Work to complete — Without copying any picture, transcribe exactly the lines of the data below from the one containing "Load image into" through the one containing "A modern living".

Excerpted records —
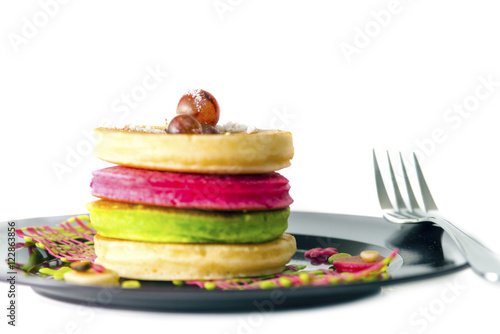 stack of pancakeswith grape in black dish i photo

...

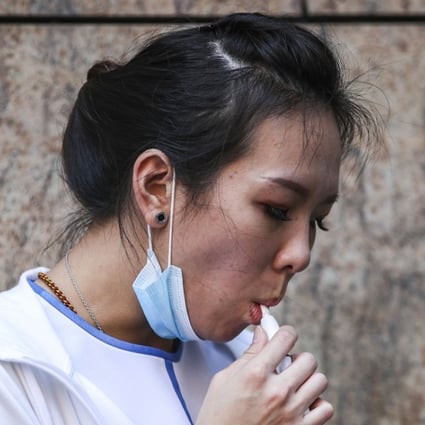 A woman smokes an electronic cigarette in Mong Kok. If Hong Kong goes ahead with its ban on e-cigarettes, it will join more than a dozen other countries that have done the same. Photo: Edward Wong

==

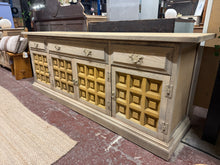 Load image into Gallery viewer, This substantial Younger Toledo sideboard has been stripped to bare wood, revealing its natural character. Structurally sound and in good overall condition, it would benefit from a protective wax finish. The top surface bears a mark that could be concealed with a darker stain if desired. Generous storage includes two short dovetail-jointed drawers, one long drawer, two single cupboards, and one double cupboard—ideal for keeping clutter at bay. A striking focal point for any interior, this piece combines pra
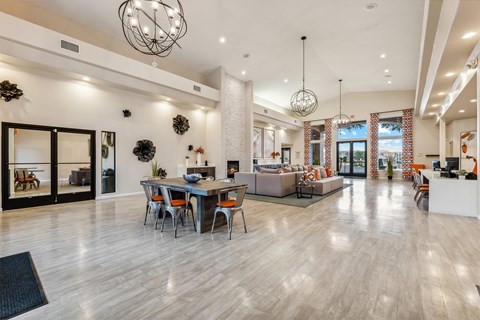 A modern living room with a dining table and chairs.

Result of this task —
 Load image into Gallery viewer, This substantial Younger Toledo sideboard has been stripped to bare wood, revealing its natural character. Structurally sound and in good overall condition, it would benefit from a protective wax finish. The top surface bears a mark that could be concealed with a darker stain if desired. Generous storage includes two short dovetail-jointed drawers, one long drawer, two single cupboards, and one double cupboard—ideal for keeping clutter at bay. A striking focal point for any interior, this piece combines pra
 A modern living room with a dining table and chairs.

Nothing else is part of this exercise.